Tuesday November 17, 2009
Going hungry
By HILARY CHIEW
Climate change will affect farm yields. We have to act now to avoid possible food shortages.
CLIMATE refugees – those fleeing rising sea levels or displaced by weather disasters, and farmers facing crop failures due to climate change-induced events –are predicted to reach 200 million by 2050.
Scientists say even small local temperature increases will decrease yields especially in tropical and seasonal dry areas.
Agriculture is one human activity that is both contributor and victim of global warming. Use of chemical fertiliser and land conversion release planet-heating greenhouse gases. Industrial agricultural emissions through increased application of nitrogen dioxide is projected to increase from 10% to 65% by 2030.

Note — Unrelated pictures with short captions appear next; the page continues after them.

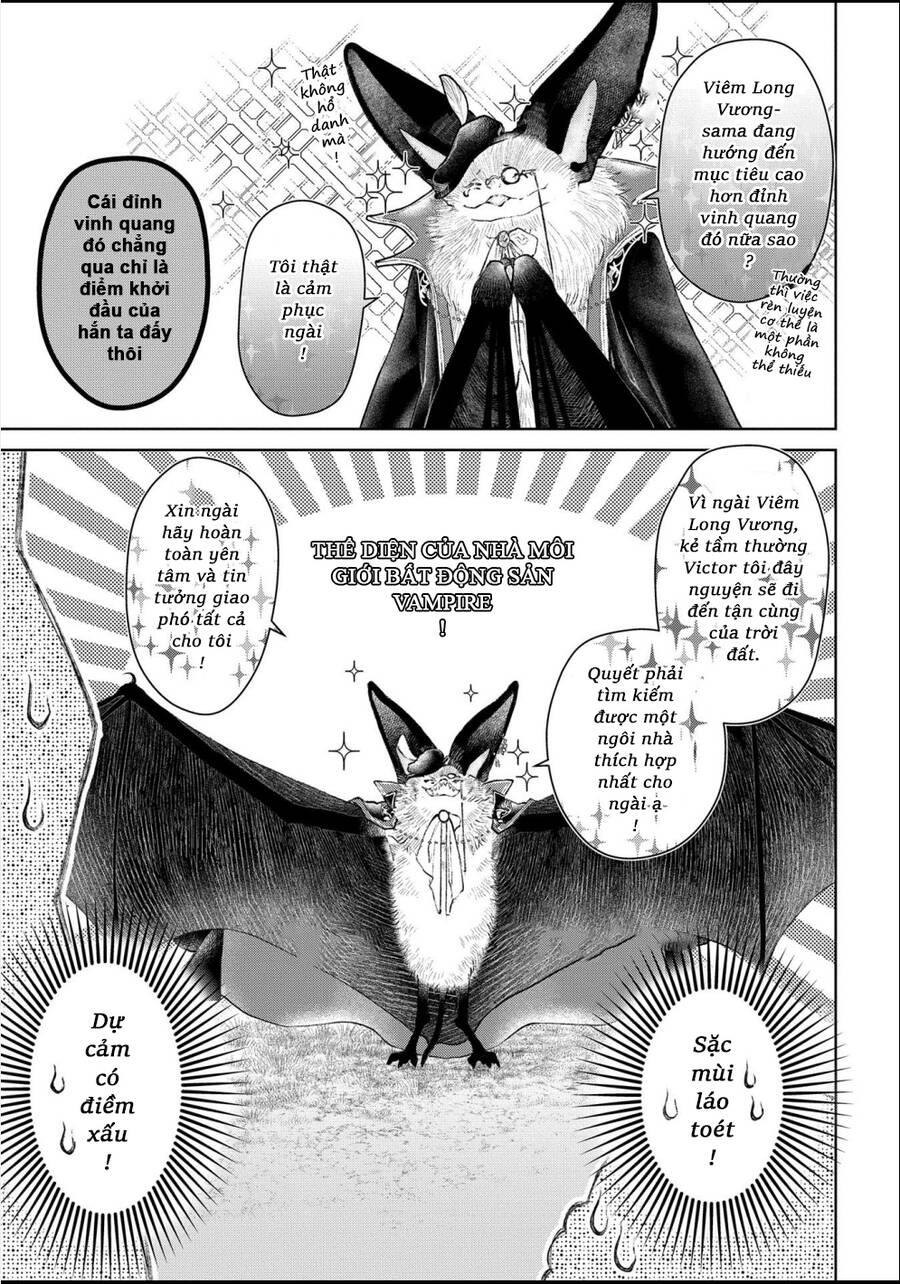 Dragon's House-Hunting chapter 23 - Trang 5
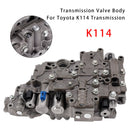 K114 CVT Automatic Transmission Valve Body for Toyota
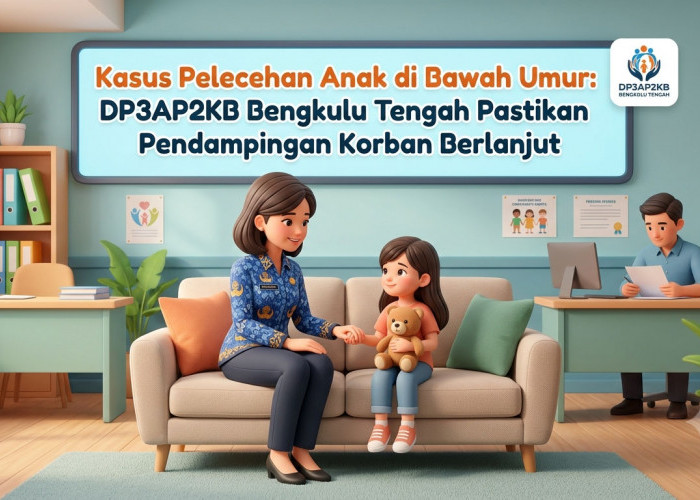Kasus Pelecehan Anak di Bawah Umur, DP3AP2KB Benteng Pastikan Pendampingan Korban Berlanjut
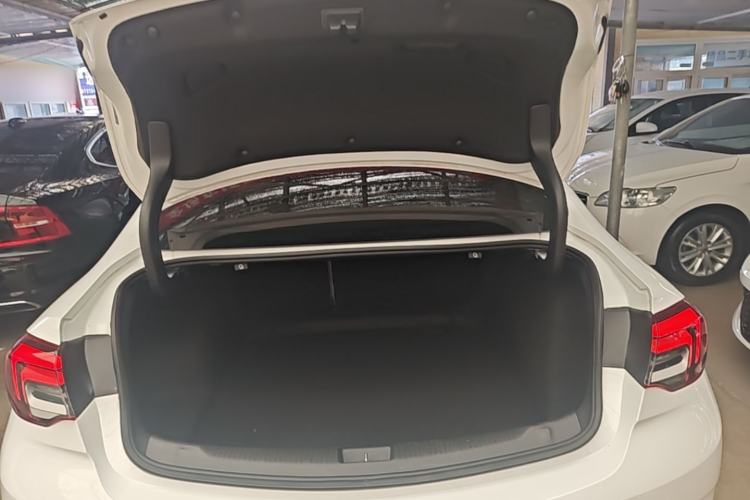 Used Buick Regal 2020 552T Elite Edition Trunk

But melting glaciers, droughts, floods and erratic rainfall are affecting farm outputs in many developing countries, thus increasing the risk of hunger for the global population.
Speaking at the recent Asia Pacific Conference On Confronting The Food Crisis And Climate Change organised by the Pesticide Action Network-Asia Pacific, sustainable agriculture researcher Lim Li Ching of Third World Network said smallholders, subsistence farmers, pastoralists and artisanal fisherfolk will suffer complex and localised impacts of climate change.
Farmers winnow paddy in Sulawesi, Indonesia. As the climate changes, farm yields will be affected. “Freshwater availability in central, south, east and south-east Asia, particularly in large river basins, is projected to decrease and this could adversely affect more than a billion people by 2050,” she warned.
Herman Kumara of the Sri Lanka National Fisheries Solidarity Movement noted that the 0.6°C increase in temperature in the Himalaya over the last 30 years would have serious repercussion on agricultural land in Asia. He said the Himalayan-Hindu Kush and the Tibetan Plateau glaciers represent the largest body of ice on the planet outside the polar region, and together fed seven major rivers – the Indus, Ganges, Brahmaputra, Yangtze, Yellow, Irrawaddy and Mekong. These basins are home to 1.3 billion people from Pakistan to Indo-China and parts of India and China.
He said coastal areas, especially heavily populated deltas in south, east and south-east Asia would be at greatest risk from increased flooding.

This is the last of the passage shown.